Cour Administrative d'Appel de Nancy — Décision N° CAA54-23NC02763

jeudi 16 novembre 2023

JuridictionCour Administrative d'Appel de Nancy
SectionCour Administrative d'Appel de Nancy
N° DossierCAA54-23NC02763
TypeOrdonnance
Recoursexcès de pouvoir
PublicationC
Avocat requérantSIROL

Texte intégral

Vu la procédure suivante :

Procédure contentieuse antérieure :

M. C a demandé au tribunal administratif de Châlons-en-Champagne d'annuler l'arrêté du 7 février 2023 par lequel le préfet de la Marne a refusé de lui délivrer un titre de séjour, l'a obligé à quitter le territoire français dans le délai de trente jours et a fixé le pays à destination duquel il est susceptible d'être éloigné.

Par un jugement n° 2300484 du 1er juin 2023, le tribunal administratif de Châlons-en-Champagne a rejeté sa demande.
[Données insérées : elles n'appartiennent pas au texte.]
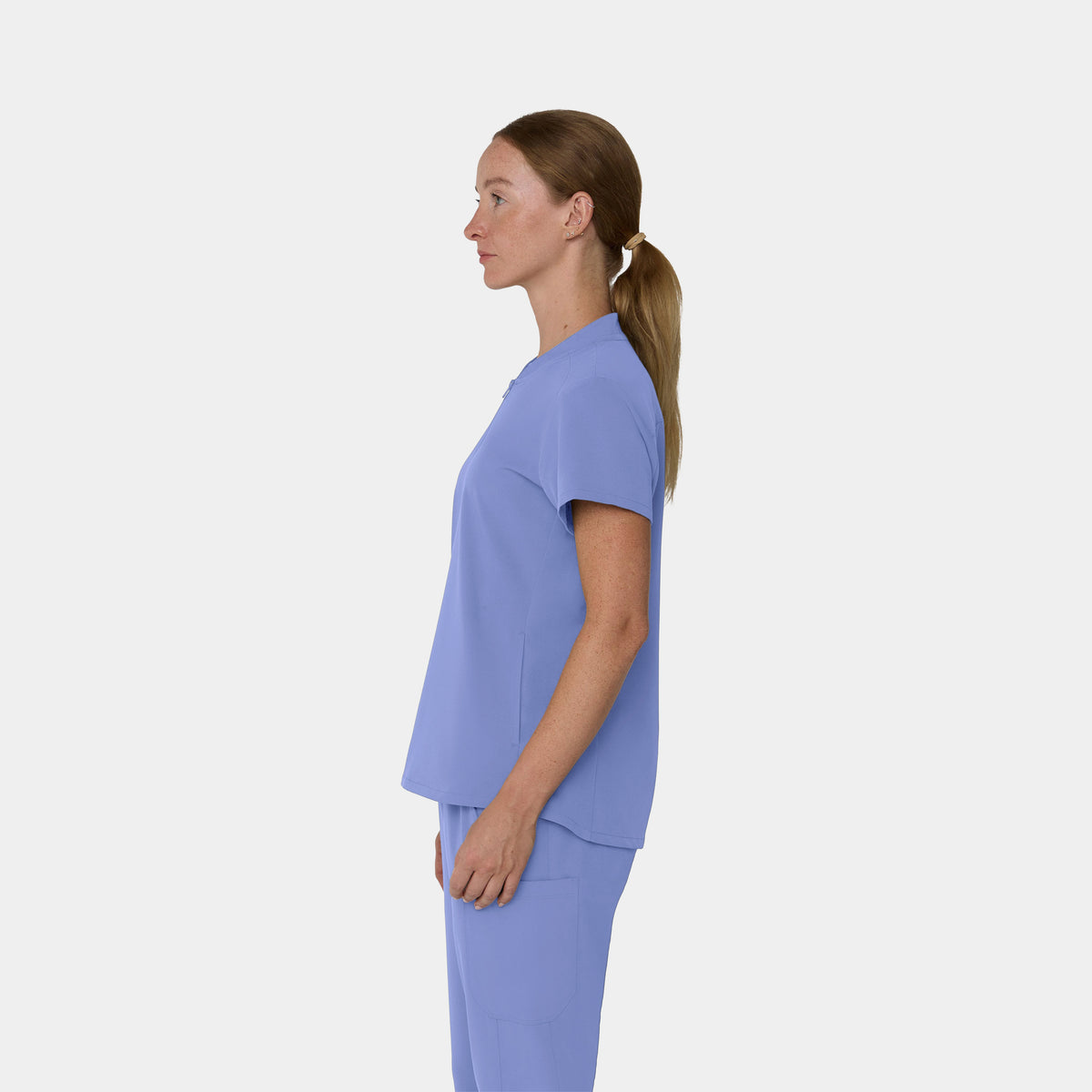 Women's 2-Pocket 1/4-Zip Scrub Top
Procédure devant la cour :

Par une requête enregistrée le 25 août 2023, M. A, représenté par Me Sirol, demande à la cour :

1°) d'annuler le jugement du tribunal administratif de Châlons-en-Champagne du 1er juin 2023 ;

2°) d'annuler l'arrêté du 7 février 2023 par lequel le préfet de la Marne a refusé de lui délivrer un titre de séjour, l'a obligé à quitter le territoire français dans le délai de trente jours et a fixé le pays à destination duquel il est susceptible d'être éloigné ;

3°) de mettre à la charge de l'Etat une somme de 1 500 euros, à verser à son conseil sur le fondement de l'article L. 761-1 du code de justice administrative.

Il soutient que :

- la décision de refus de titre de séjour est entachée d'incompétence ;

- cette décision est insuffisamment motivée ;

- elle méconnaît l'article L. 423-23 du code de l'entrée et du séjour des étrangers et du droit d'asile et l'article 8 de la convention européenne de sauvegarde des droits de l'homme et des libertés fondamentales ;

- elle méconnaît l'article L. 435-1 du code de l'entrée et du séjour des étrangers et du droit d'asile ;

- la décision portant obligation de quitter le territoire français est entachée d'incompétence ;

- cette décision est insuffisamment motivée ;

- elle ne procède pas d'un examen complet de sa situation personnelle ;

- est dépourvue de base légale en raison de l'illégalité de la décision de refus de titre ;

- elle est entachée d'une erreur manifeste d'appréciation de ses conséquences sur sa situation personnelle.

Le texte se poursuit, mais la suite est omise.